Artificial Intelligence and online security go head to head

Identifying what is hard for computers and easy for humans is important for a surprising combination of conflicting reasons: We want computers to be better so that they can help us, but we also want computers to be limited so that we are able to differentiate them from humans.

My little brother Guy took a computer programming class recently, and complained that programming is like telling an idiot savant how to do simple things: You need to spell out every step precisely, but you need not worry that a step will be missed or performed incorrectly. Why, he asked me, can we not just tell a computer what we want it to do? The answer is not clear, but it is clear that artificial intelligence applications are making it easier to do so.

We all know implicitly what things are hard for computers — we experience those difficulties every day. Try to tell your computer to look through your e-mails and find out if you won a million dollars. For one, there is no way to "tell" the computer that you want this.

Second, even if a computer is smart or has an application that can search your e-mail, it would do so and most likely say "no." In contrast, ask a human friend or an assistant to do the same, and he would laugh at you. What even a smart computer does not know is that any e-mail announcing a million-dollar windfall is probably a hoax.

While successful, present AI is far from the capabilities seen in futuristic motion pictures in delicate and telling ways. Computers cannot find out how to get the city of Chicago to pay for a pot-hole-caused flat tire. My assistant did; he searched web sites and found that Chicago will pay half of the expenses without need for a lawsuit. Autonomous cars cannot foresee that a kid will run across the street to his mom. web search engines cannot distinguish between positive and negative use of a word or relationships between words. The phrases "vegetable prices do not influence oil prices," "vegetables and oil," and "vegetable oil," would all yield very similar search results. And computer vision algorithms cannot identify a person reliably unless specific lighting and orientation conditions hold.

Identifying what is hard for computers and easy for humans is important for a surprising combination of conflicting reasons: We want computers to be better so that they can help us, but we also want computers to be limited so that we are able to differentiate them from humans.

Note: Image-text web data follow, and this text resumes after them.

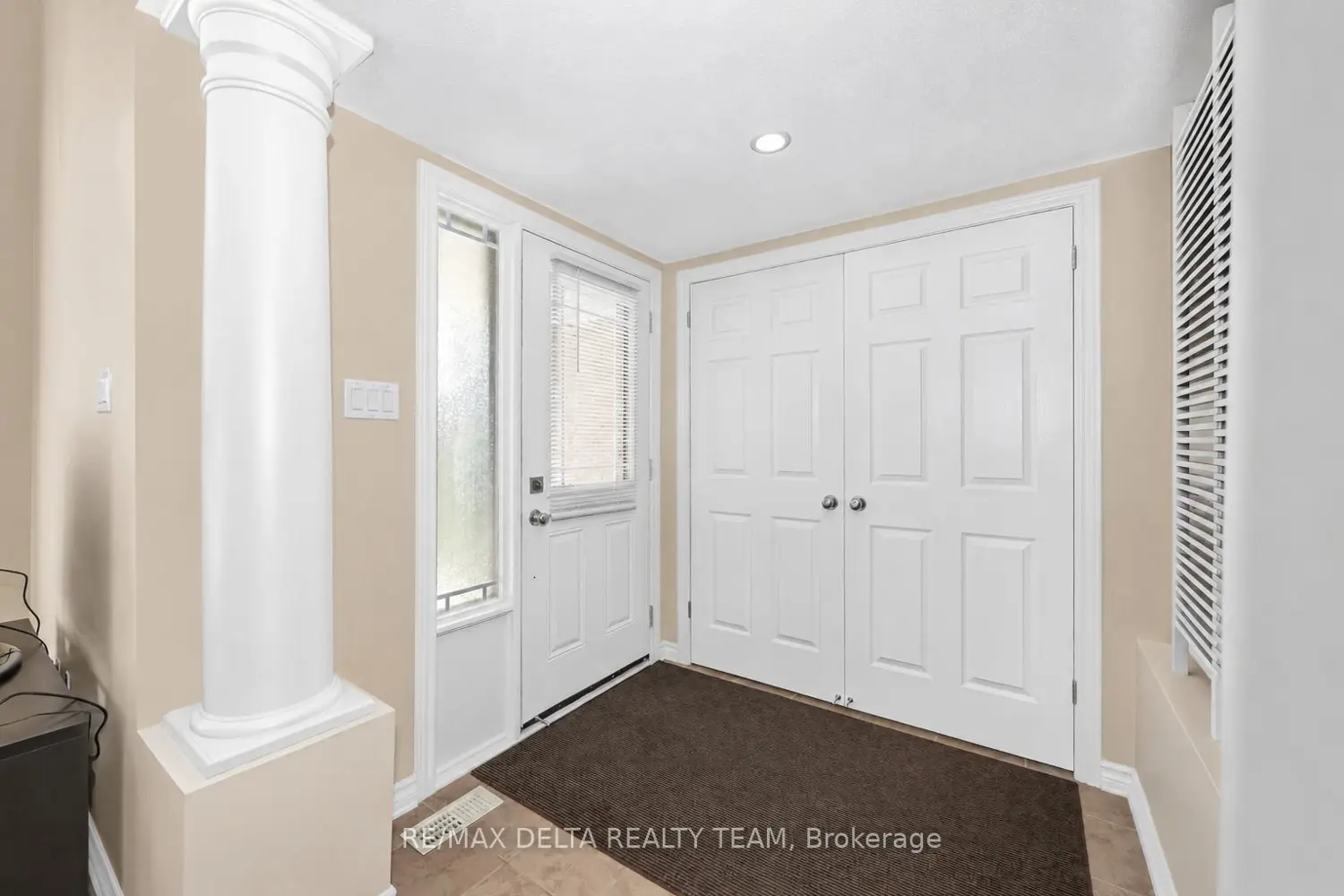 310 Sarabella Street photo 3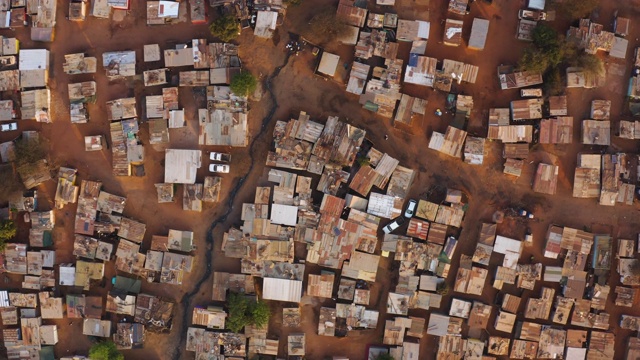 空中旋转的不平等的观点，密集过度拥挤和人口稠密的非洲城镇(棚户区营地)。南非极度贫困视频素材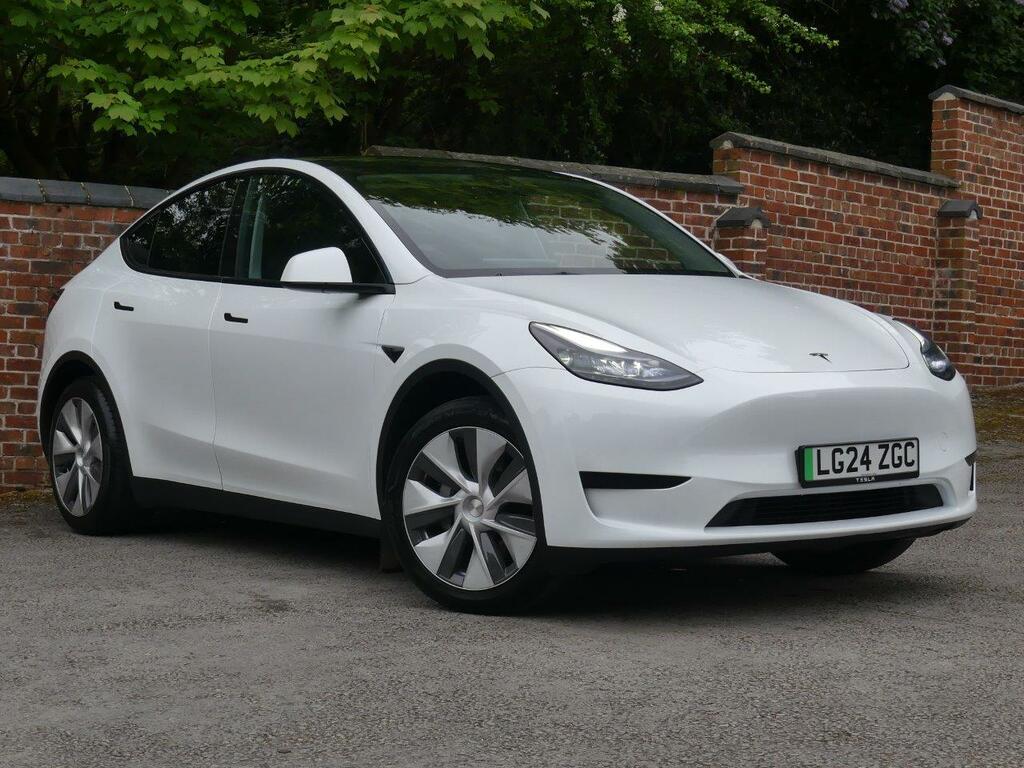 Tesla Model Y Tesla Model Y 2424 Rwd White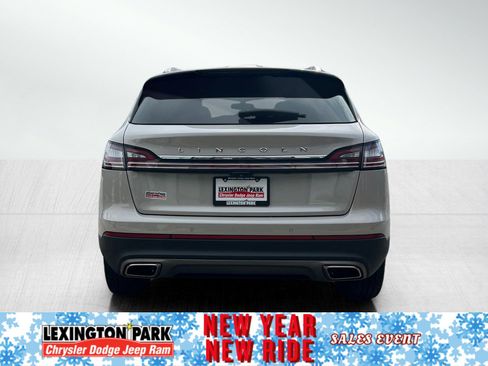 Used 2021 Lincoln Nautilus Reserve image 6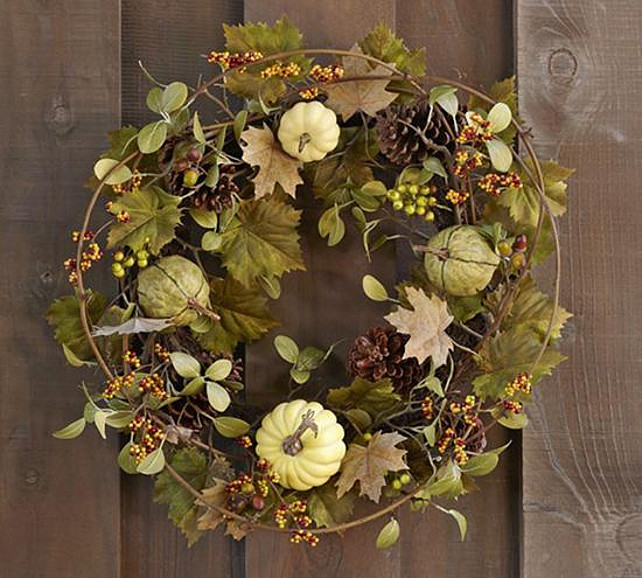 Thanksgiving Wreath Ideas. Coroa de abóbora da colheita verde falsa, Pottery Barn, 137 dólares. # Acção de Graças em casa.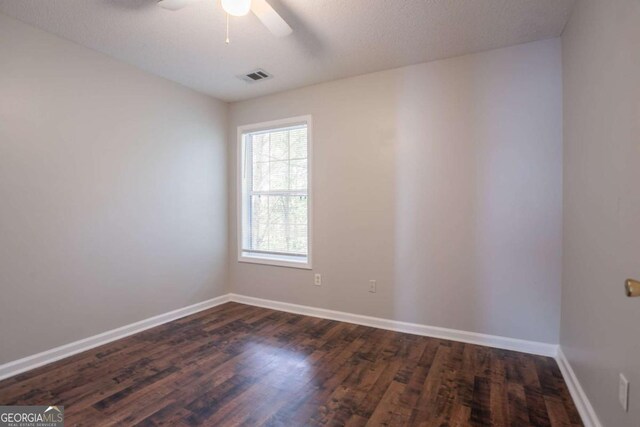 7070 Ravenwood Ln, Lithonia, GA 30038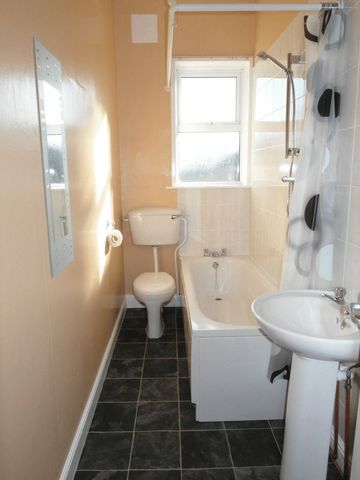  Image of 2 bedroom Terraced house to rent in East Park Street Morley Leeds LS27 at East Park Street Morley Leeds, LS27 0PW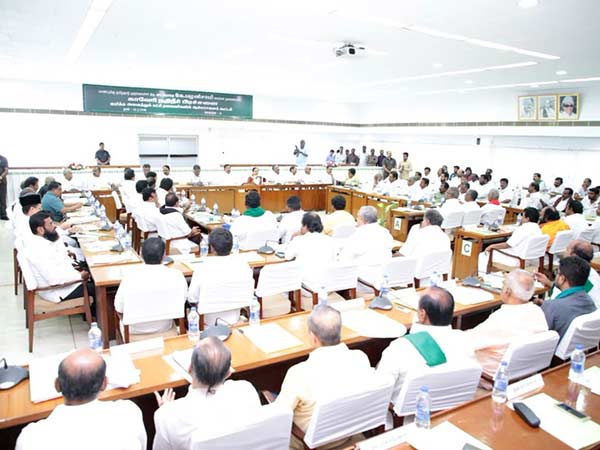 அனைத்து எம்பிக்களும்... 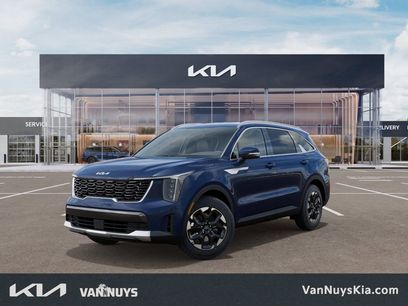 New 2025 Kia Sorento S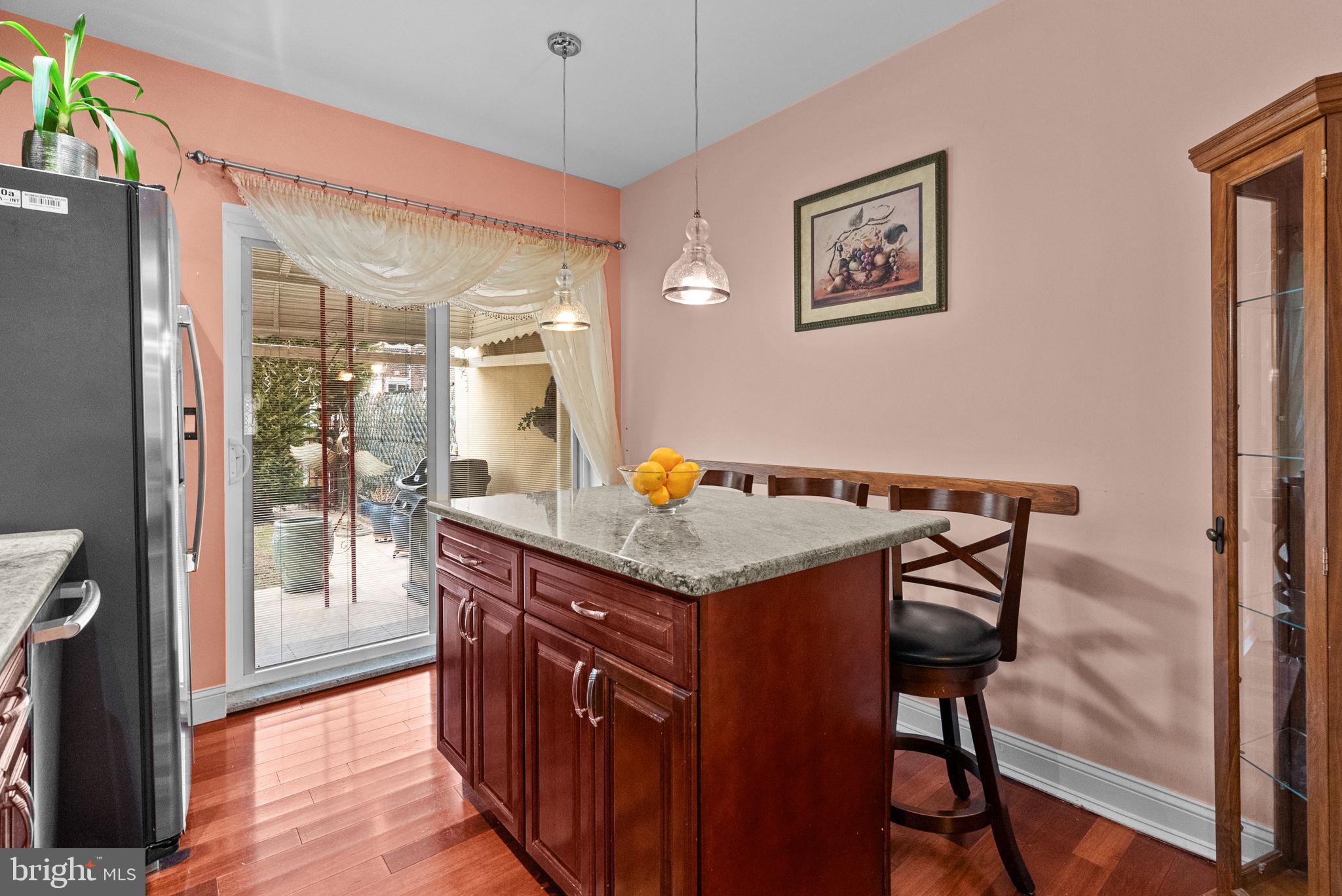 PORT RICHMOND - Residential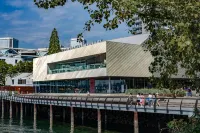 Coast Lonsdale Quay Hotel Các khách sạn gần Chan Centre for the Performing Arts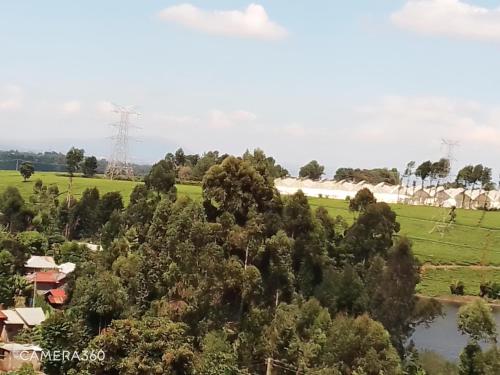 una vista aérea de un campo y un río en Backpackers at Banana Hill, en Nairobi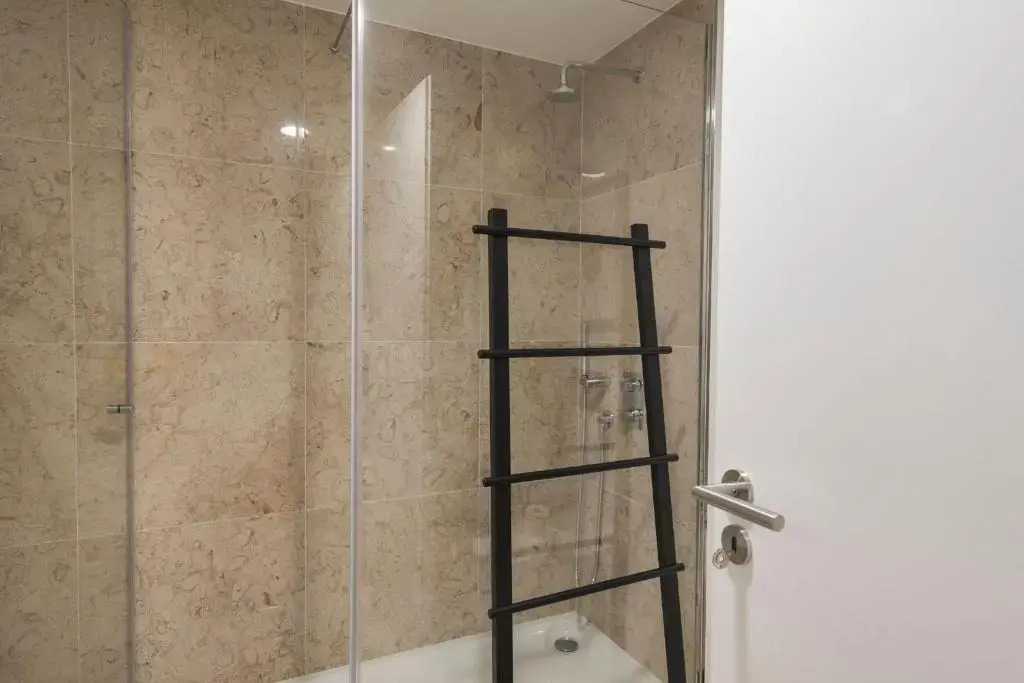 Lovelystay - Modern And Colourful Flat in the Heart of Graça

Telling computers apart from humans helps decrease online banking breaches, fraudulent impersonations and spam e-mails. In the stone age of the Internet (10-15 years ago), a typical spammer sent e-mail spam by hand, eventually finding that his account was blocked. Employing a person to open accounts is expensive, so the spam industry developed a solution: a computer can open a million accounts with the same ease as it opens one. Distinguishing computers from humans helps prevent such virtual robots from opening e-mail accounts or breaking into bank accounts, thus increasing the cost of malice.

Nowadays, when a website wishes to verify that you are human, it asks you to read a distorted image of numbers and letters, called a CAPTCHA, which stands for "Completely Automated Public Turing test to tell Computers and Humans Apart." It asks you to type the result in a text box. Once your answer is verified, you are allowed to continue your transaction. Visual interpretation is hard for computers, so our ability to read those characters correctly verifies that we are humans. Unfortunately, CAPTCHAs are not fundamentally hard for computers, and an arms race is on between computer vision researchers and CAPTCHA programmers, who are creating ever more difficult to read images. This has resulted in CAPTCHAs that are hard for many humans to read too, so an end to this arms race seems near with a victory for computer vision and a failed test for humanity.

We need a new way to distinguish between computers and humans, based on a more fundamental understanding of the problems computers face. The crux of difficulty for computers is with knowledge of the everyday world. Computers do not know the many small details about the world that we know, and they cannot use textual information available from the web and encyclopedias. That is why my computer cannot replace my assistant. Even though it has access to information about flat tires and potholes in Chicago, it does not know how to present the options to me.

The inability to connect applications such as computer vision or natural-language processing with knowledge about the everyday world is a fundamental open problem for AI researchers. It is about creating computers that have both reasoning power and access to large databases, such that computers themselves can perform the desired task.

Can we take this understanding to create a new breed of CAPTCHAs? Perhaps, but this new breed will still have to verify answers given by humans (or computers), and will have to be able to generate those riddles automatically at random to counter computers' strength — particularly their ability to try many riddles quickly and in parallel. Generating the new breed of CAPTCHAs would require a non-trivial advance in AI, one that enables generating and verifying riddles filled with arbitrary world knowledge though are still solvable by almost all humans.

Finding better tests for distinguishing computers from humans is critical for effective computer security. Such tests are essential protections against attacks on the Internet, such as identity theft. But we have to be careful: If we develop stronger AI applications, especially those that draw on general knowledge the same way humans do, we will endanger Internet security. The challenge faced by AI researchers on the one hand and computer security researchers on the other is to defuse this conflict, or else one of the two groups will face failure.